À cela s'ajoute "le risque politique" lié à l'élection française, complète-t-il, "qui a augmenté cette semaine, même si l'effet reste petit". Avec la percée de Jean-Luc Mélenchon dans les sondages, le scrutin s'oriente de plus en plus vers un match à 4 avec Emmanuel Macron et François Fillon, candidats perçus comme étant pro-business, et Marine Le Pen et Jean-Luc Mélenchon dont les mesures incompatibles avec les règles européennes inquiètent davantage les marchés (sortie de l'euro pour l'un, explosion de la dette pour l'autre).

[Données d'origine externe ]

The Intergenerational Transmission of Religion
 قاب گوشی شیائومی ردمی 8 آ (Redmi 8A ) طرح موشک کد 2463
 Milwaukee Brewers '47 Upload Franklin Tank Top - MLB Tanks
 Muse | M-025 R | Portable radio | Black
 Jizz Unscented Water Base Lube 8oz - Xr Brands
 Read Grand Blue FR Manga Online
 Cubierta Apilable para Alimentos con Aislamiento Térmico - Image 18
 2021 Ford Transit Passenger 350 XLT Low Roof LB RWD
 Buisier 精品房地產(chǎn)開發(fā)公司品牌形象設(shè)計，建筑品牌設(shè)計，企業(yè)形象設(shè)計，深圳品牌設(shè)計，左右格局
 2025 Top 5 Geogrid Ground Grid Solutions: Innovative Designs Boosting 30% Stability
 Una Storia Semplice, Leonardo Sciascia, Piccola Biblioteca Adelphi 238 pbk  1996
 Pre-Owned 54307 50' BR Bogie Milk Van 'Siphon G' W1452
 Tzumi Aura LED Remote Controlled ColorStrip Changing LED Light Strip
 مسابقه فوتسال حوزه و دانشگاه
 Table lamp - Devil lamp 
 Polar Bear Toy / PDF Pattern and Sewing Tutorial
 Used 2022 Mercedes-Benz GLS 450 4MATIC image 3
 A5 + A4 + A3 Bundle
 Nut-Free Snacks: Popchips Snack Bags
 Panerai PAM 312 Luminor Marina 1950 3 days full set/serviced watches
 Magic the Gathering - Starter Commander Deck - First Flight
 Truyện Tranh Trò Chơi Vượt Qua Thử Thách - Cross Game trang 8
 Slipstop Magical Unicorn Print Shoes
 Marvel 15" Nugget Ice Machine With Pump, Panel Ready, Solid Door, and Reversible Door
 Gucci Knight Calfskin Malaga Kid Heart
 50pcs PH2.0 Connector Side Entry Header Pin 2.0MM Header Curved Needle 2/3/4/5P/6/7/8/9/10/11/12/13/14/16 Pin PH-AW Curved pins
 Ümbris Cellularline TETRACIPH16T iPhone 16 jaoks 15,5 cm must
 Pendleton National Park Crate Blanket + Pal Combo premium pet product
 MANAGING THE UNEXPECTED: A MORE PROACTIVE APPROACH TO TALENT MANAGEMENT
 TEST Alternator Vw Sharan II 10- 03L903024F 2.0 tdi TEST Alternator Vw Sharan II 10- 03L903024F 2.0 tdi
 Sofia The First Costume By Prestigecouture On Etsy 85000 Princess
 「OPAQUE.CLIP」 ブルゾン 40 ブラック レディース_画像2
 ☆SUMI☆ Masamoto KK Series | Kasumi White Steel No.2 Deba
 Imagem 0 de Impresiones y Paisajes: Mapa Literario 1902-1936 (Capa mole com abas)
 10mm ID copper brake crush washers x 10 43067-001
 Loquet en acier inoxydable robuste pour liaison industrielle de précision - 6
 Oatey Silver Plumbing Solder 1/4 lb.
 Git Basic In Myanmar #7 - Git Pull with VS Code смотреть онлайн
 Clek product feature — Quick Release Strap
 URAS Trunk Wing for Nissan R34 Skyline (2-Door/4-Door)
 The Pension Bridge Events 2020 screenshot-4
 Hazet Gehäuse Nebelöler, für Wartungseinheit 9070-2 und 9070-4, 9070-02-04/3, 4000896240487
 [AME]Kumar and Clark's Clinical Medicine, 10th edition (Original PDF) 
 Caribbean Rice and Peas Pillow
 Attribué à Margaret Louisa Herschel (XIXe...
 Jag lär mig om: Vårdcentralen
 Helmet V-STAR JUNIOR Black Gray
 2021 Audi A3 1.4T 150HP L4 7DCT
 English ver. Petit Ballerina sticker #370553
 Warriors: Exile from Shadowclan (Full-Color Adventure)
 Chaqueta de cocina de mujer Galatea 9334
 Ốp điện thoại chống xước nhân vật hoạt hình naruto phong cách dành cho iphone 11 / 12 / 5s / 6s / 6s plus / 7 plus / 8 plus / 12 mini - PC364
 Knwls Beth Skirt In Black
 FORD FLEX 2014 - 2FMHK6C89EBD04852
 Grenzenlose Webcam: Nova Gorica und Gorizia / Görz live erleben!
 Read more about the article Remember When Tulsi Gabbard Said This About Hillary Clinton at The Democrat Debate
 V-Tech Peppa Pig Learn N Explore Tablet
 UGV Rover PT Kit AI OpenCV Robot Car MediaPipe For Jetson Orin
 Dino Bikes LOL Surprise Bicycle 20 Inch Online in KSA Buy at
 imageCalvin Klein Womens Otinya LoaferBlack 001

Vers une parité euro-dollar pour Deutsche Bank AM 

Mais contrairement aux idées reçues, une victoire d'Emmanuel Macron ou de François Fillon ne devrait pas inverser cette tendance. Même si, en cas d'élection d'un des deux candidats, l'euro pourrait monter face au dollar dans un premier temps, cela ne ferait que retarder l'inévitable, à savoir la parité entre l'euro et le dollar, d'après les stratégistes de Deutsche Bank Asset Management. Ainsi, l'élection de Marine Le Pen ou de Jean-Luc Mélenchon, ne ferait qu'accélérer la spirale négative de la devise européenne face au billet vert.

Mais plus que le "risque" politique perçu par les marchés, c'est l'écart croissant entre les taux d'intérêt de la Fed et de la BCE, qui devrait ramener l'euro à la parité. Alors qu'en zone euro, les taux stationnent à 0% depuis 2016, et ne devraient pas être relevés de sitôt, ceux de la Fed en revanche devraient remonter petit à petit. Les analystes attendent d'ailleurs encore deux remontées de taux cette année, ce qui mécaniquement devrait encore renforcer le dollar face à l'euro. En effet, des taux d'intérêt plus élevés augmentent la valeur d'une devise par rapport à une autre car cela pousse les investisseurs à choisir la monnaie offrant le meilleur rendement (dans le cas présent, le dollar). 

Des analystes partagés

Mais tous les analystes ne partagent pas forcément cet avis. À commencer par Christopher Dembik, responsable de la recherche macroéconomique chez Saxo Bank, qui table sur un euro dollar entre 1,04 et 1,10 dollar dans les trois à six mois à venir. "C'est un beau rêve d'analyste que tout le monde évoque. Mais plusieurs éléments font qu'à notre avis cela n'arrivera pas. D'abord il faudrait, pour arriver à la parité qu'il y ait une différence de politique monétaire significative entre les États-Unis et l'Europe. Or force est de constater que la normalisation de la politique de la Fed et la poursuite d'une politique accommodante de la part de la BCE sont déjà anticipées dans les cours. Ensuite, il y a un élément macroéconomique: la zone euro affiche un excédent de ses comptes courants, c'est-à-dire qu'il y a davantage de flux de capitaux qui y entrent qui n'en sortent".

Pour Nordine Naam également, cette hypothèse reste encore peu probable. "Arriver à la parité n'est pas impossible mais vraiment difficile. Il faudrait par exemple que Trump fasse une réforme fiscale canon et que l'activité américaine reparte encore davantage avec une forte confiance des ménages. Mais cela paraît compliqué: mercredi Donald Trump a appelé de ses vœux un dollar faible. Cela sera donc d'autant plus difficile que le président américain va batailler pour défendre sa monnaie".

S'il est difficile de dire que l'euro retombera à 1 dollar dans les mois à venir, la monnaie unique devrait tout de même rester sous pression jusqu'au premier tour de l'élection présidentielle, évoluant au gré des sondages favorables ou non aux duos Mélenchon-Le Pen et Macron-Fillon.